:: What to produce ::
Exact retyping of the data: please keep every word and drop each picture.

+++

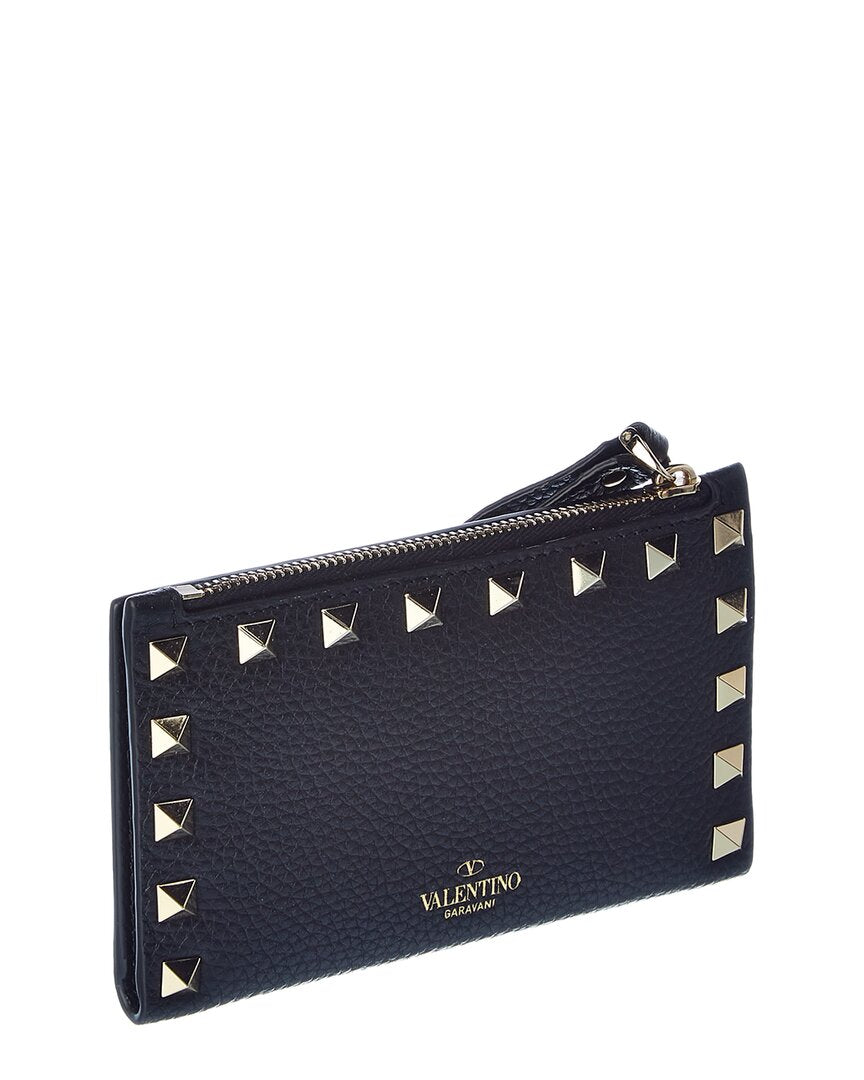 Valentino Rockstud Leather Card Case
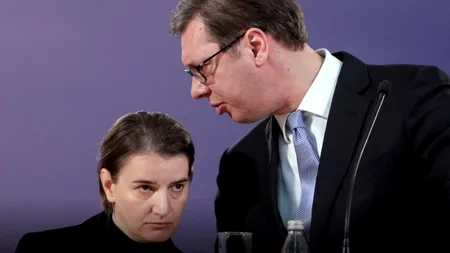 Președintele sârb Aleksandar Vucic a anunțat demisia primului ministru. Brnabic a aflat la București!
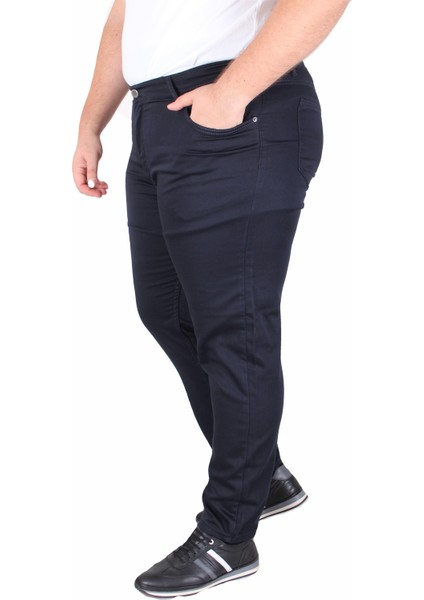 Mocgrande Büyük Beden Klasik 5 Cep Pantolon Venedik 11916 Lacıvert fiyatları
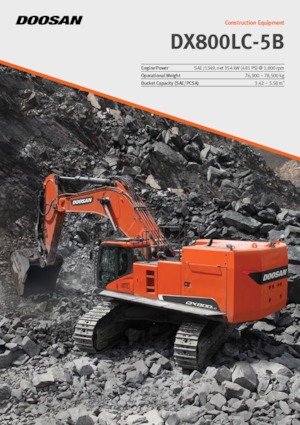 Excavatoare pe șenile Doosan DX800LC-5B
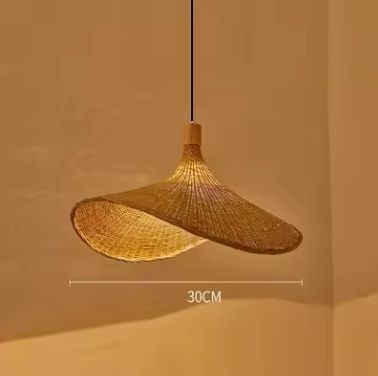 Handgemaakte Bamboe Hanglamp – Chinese Gevlochten Plafondlamp, Natuurlijk en Sfeervol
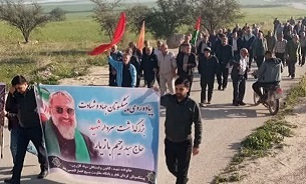 بزرگداشت شهید رحیم بازیار در همایش پیاده روی پیشکسوتان شهرستان کازرون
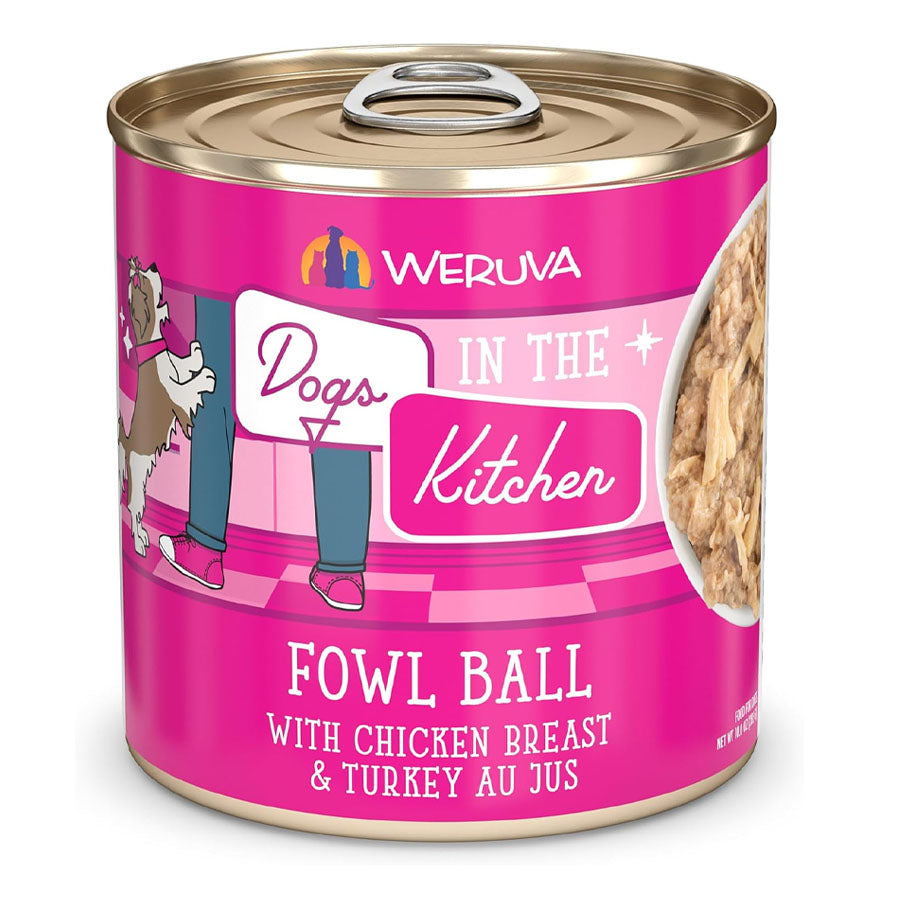 Weruva Dogs In The Kitchen Fowl Ball With Chicken Breast & Turkey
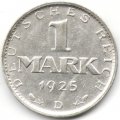 Веймарская республика 1 марка 1925 год (D)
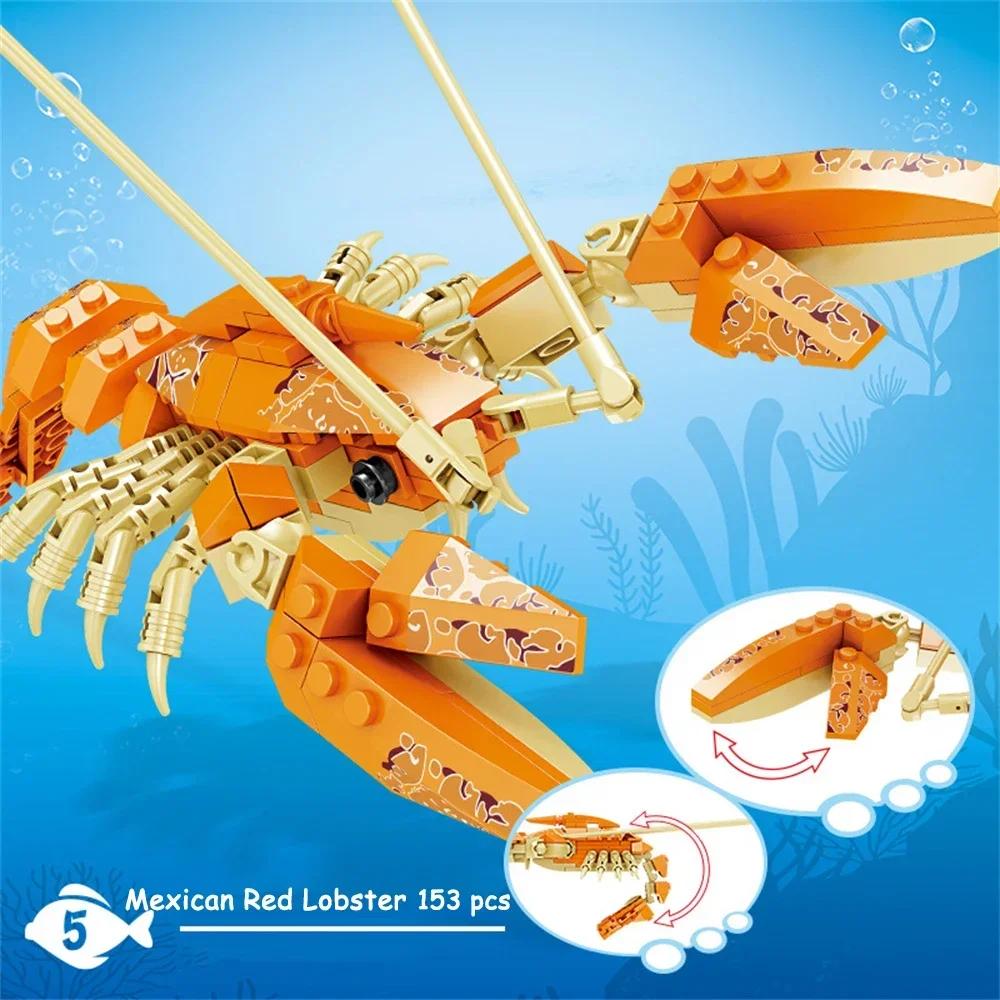 Dragonfl Insects Mini Building Blocks Kit - STEM Educational Ocean Animal Toy for Kids Enhance Creativity & Marine Life Learning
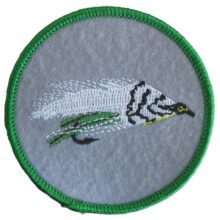 Green Fly Fishing Lure Patch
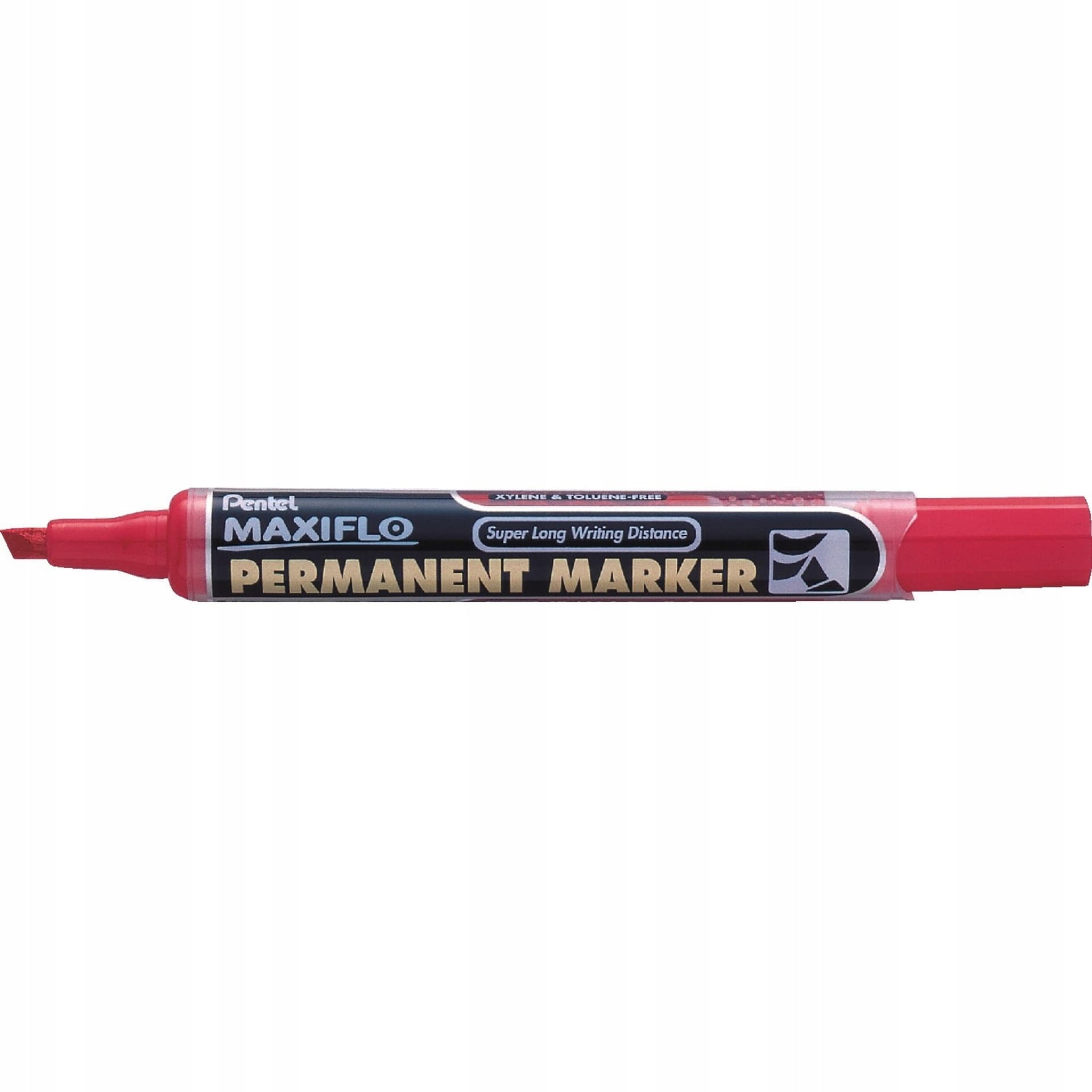 

Marker permanentny NLF60 czerwony ścięty z tłoczkiem płynny tusz PENTEL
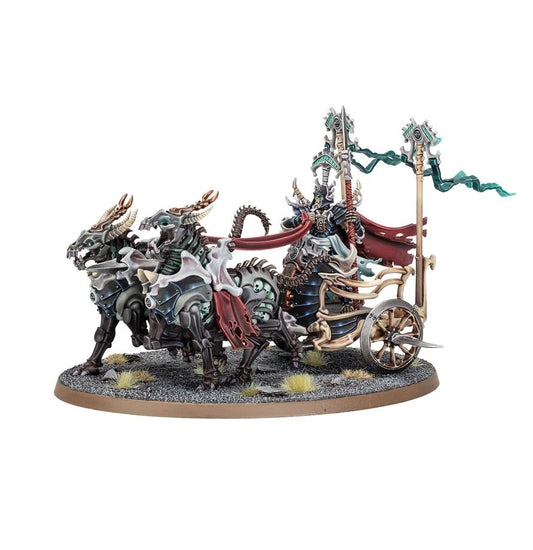 Liege Kavalos on War Chariot - Ossiarch Bonereapers - Warhammer Age of Sigmar 4th Edition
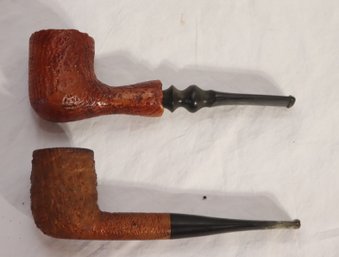 Pair Of Vintage Estate Tobacco Pipes Savinelli Capri Root Briar Made In Italy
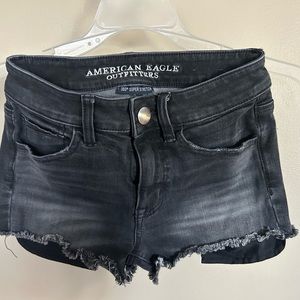American Eagle 360* Super Stretch black shorts
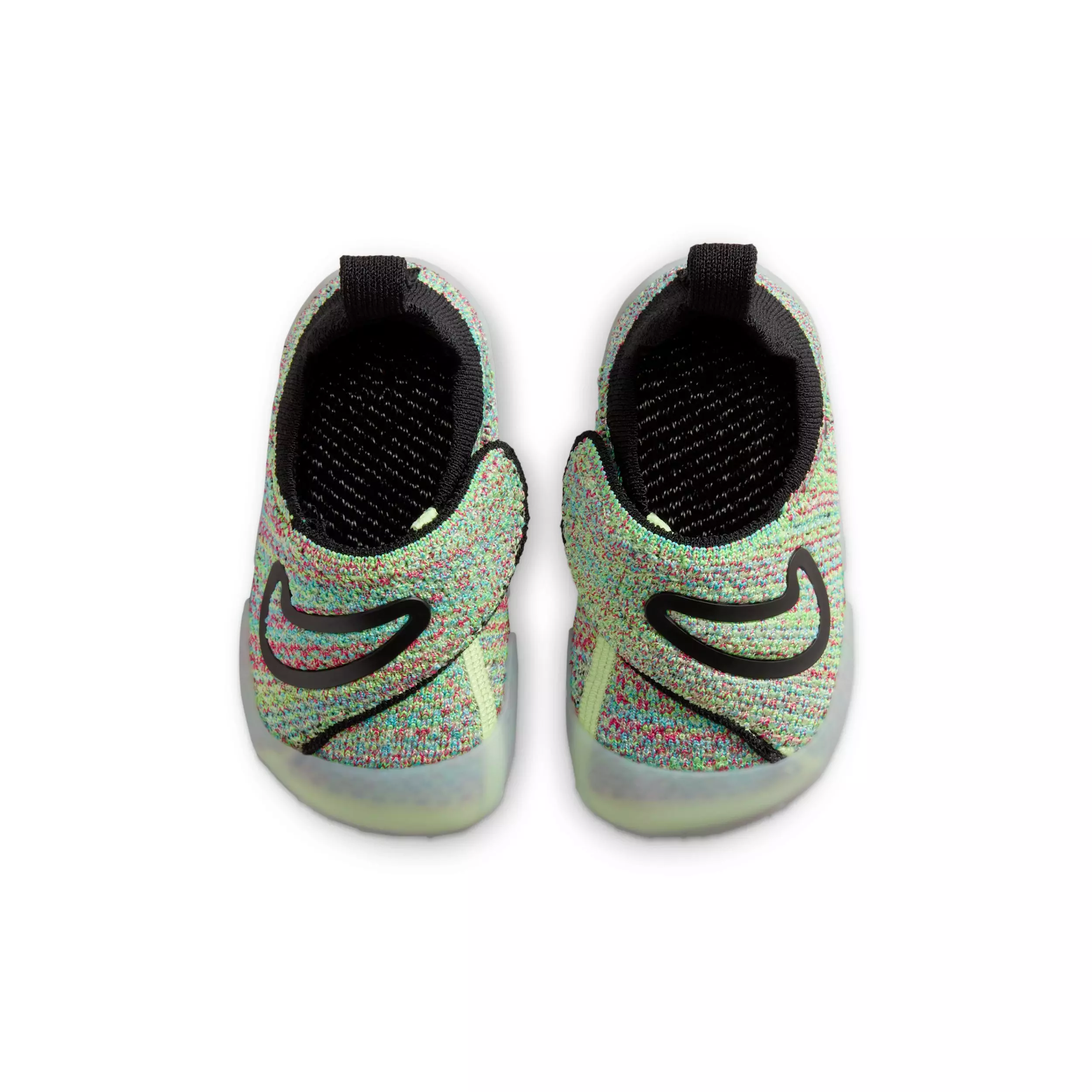 Nike Swoosh 1 "Green Strike/Baltic Blue/Rush Pink/Black" Infant Boys' Shoe - GREEN/BLUE/PINK/BLACK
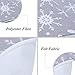 S-DEAL 48 Inches Christmas Tree Skirt Double Layers Grey and White Snow Carpet for Party Holiday Decorations Xmas Ornaments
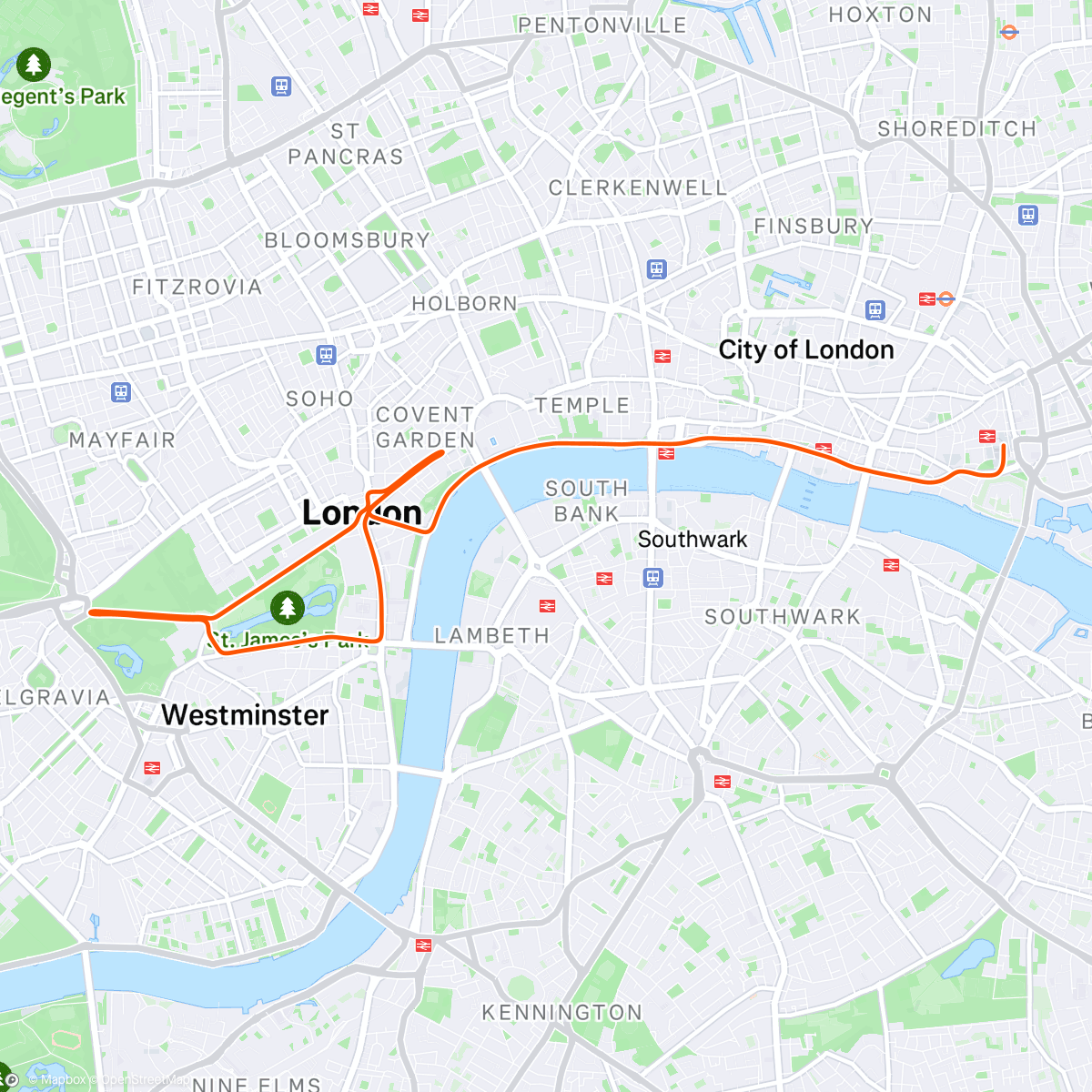 Map of the activity, Zwift - Race: Stage 3: Get Rolling - London Classique (D)🥉on Classique in London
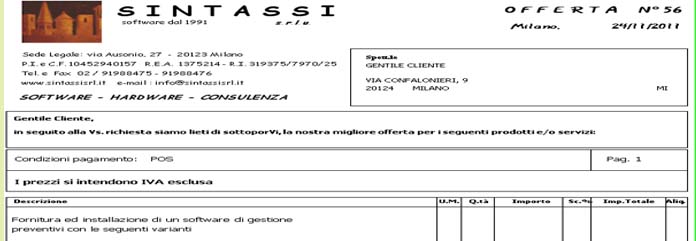 stampa preventivi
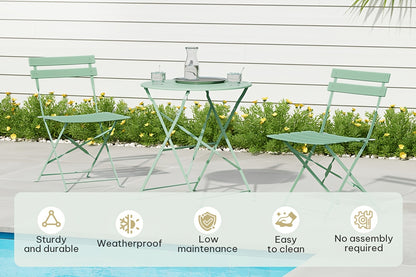 Set mobili da giardino, pieghevole per giardino e balcone – vista dettagliata 8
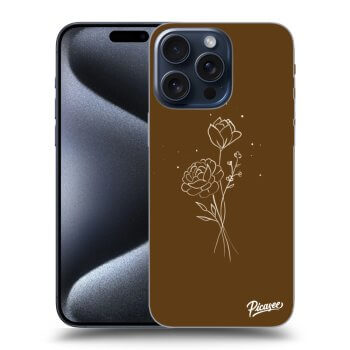 ULTIMATE CASE MagSafe pro Apple iPhone 16 Pro Max - Brown flowers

+++

:: The completed task ::
 Valentino Rockstud Leather Card Case
 Președintele sârb Aleksandar Vucic a anunțat demisia primului ministru. Brnabic a aflat la București!
 Mocgrande Büyük Beden Klasik 5 Cep Pantolon Venedik 11916 Lacıvert fiyatları
 Excavatoare pe șenile Doosan DX800LC-5B
 Handgemaakte Bamboe Hanglamp – Chinese Gevlochten Plafondlamp, Natuurlijk en Sfeervol
 بزرگداشت شهید رحیم بازیار در همایش پیاده روی پیشکسوتان شهرستان کازرون
 Weruva Dogs In The Kitchen Fowl Ball With Chicken Breast & Turkey
 Веймарская республика 1 марка 1925 год (D)
 Dragonfl Insects Mini Building Blocks Kit - STEM Educational Ocean Animal Toy for Kids Enhance Creativity & Marine Life Learning
 Green Fly Fishing Lure Patch

Marker permanentny NLF60 czerwony ścięty z tłoczkiem płynny tusz PENTEL
 Liege Kavalos on War Chariot - Ossiarch Bonereapers - Warhammer Age of Sigmar 4th Edition
 Pair Of Vintage Estate Tobacco Pipes Savinelli Capri Root Briar Made In Italy
American Eagle 360* Super Stretch black shorts
 Nike Swoosh 1 "Green Strike/Baltic Blue/Rush Pink/Black" Infant Boys' Shoe - GREEN/BLUE/PINK/BLACK
 S-DEAL 48 Inches Christmas Tree Skirt Double Layers Grey and White Snow Carpet for Party Holiday Decorations Xmas Ornaments
 Map of the activity, Zwift - Race: Stage 3: Get Rolling - London Classique (D)🥉on Classique in London
 stampa preventivi
 Set mobili da giardino, pieghevole per giardino e balcone – vista dettagliata 8
 ULTIMATE CASE MagSafe pro Apple iPhone 16 Pro Max - Brown flowers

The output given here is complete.